A common question that spouses often ask soon after committing to the idea that divorce is what’s best for them is what will become of their property during this process.
There’s no one-size-fits-all answer to this question due to each case being unique. There are, however, a few concepts that you may want to master that will aid you in gaining a clearer picture of what to expect.
A few factors affecting how property is viewed in Texas include:
Separate versus community property
One of the first concepts you’ll want to understand is the difference between separate and community property. The former is any property that two spouses brought into the marriage. Separate property can also refer to other ones that were explicitly gifted during the marriage, such as an inheritance or gift from your spouse. Any assets acquired by the couple jointly during the marriage are marital property (also called community property here in Texas).

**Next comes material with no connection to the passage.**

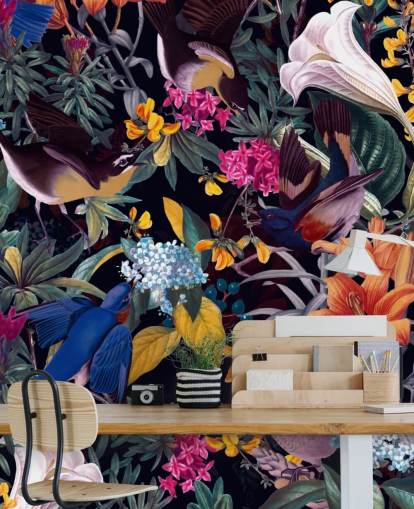 fargerike blomster og sangfugler tapet fargerike blomster og sangfugler tapet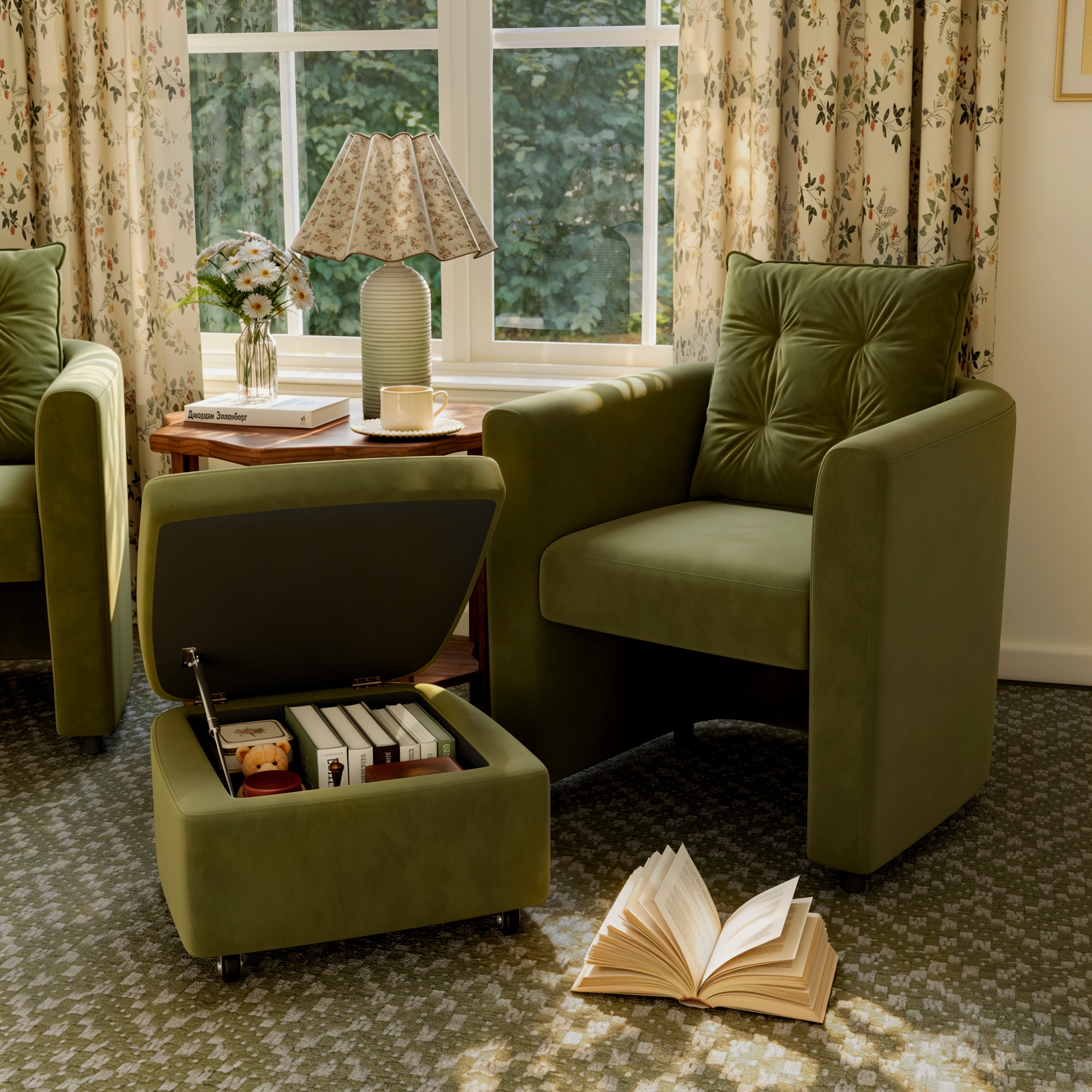 Green Velvet Snuggler Chair with Hidden Storage Footstool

What it means to be a community property state
Most of the assets you acquire from your marriage onward in states like Texas generally qualify as community property. This property is generally equally divisible between you and your spouse when you divorce unless it’s covered by a prenuptial or postnuptial agreement.
When conflict may arise in sorting out property division matters
Contention may arise as divorcing couples try to reach a settlement on property division. Sorting out what is separate and community property can prove challenging. The concept of commingling is often to blame.
Commingling involves making separate assets available to your spouse. Or, it can also mean taking funds that were just yours and using them to pay household bills. Any assets that have been mixed like this are subject to being divided in half like any other marital asset.
When you hear that asset division took a contentious turn in a community property state like Texas, it often has to do with the discovery of hidden or commingled assets. If you’re dealing with a similar scenario, you’ll want to put up an aggressive fight to secure the property to which you feel entitled.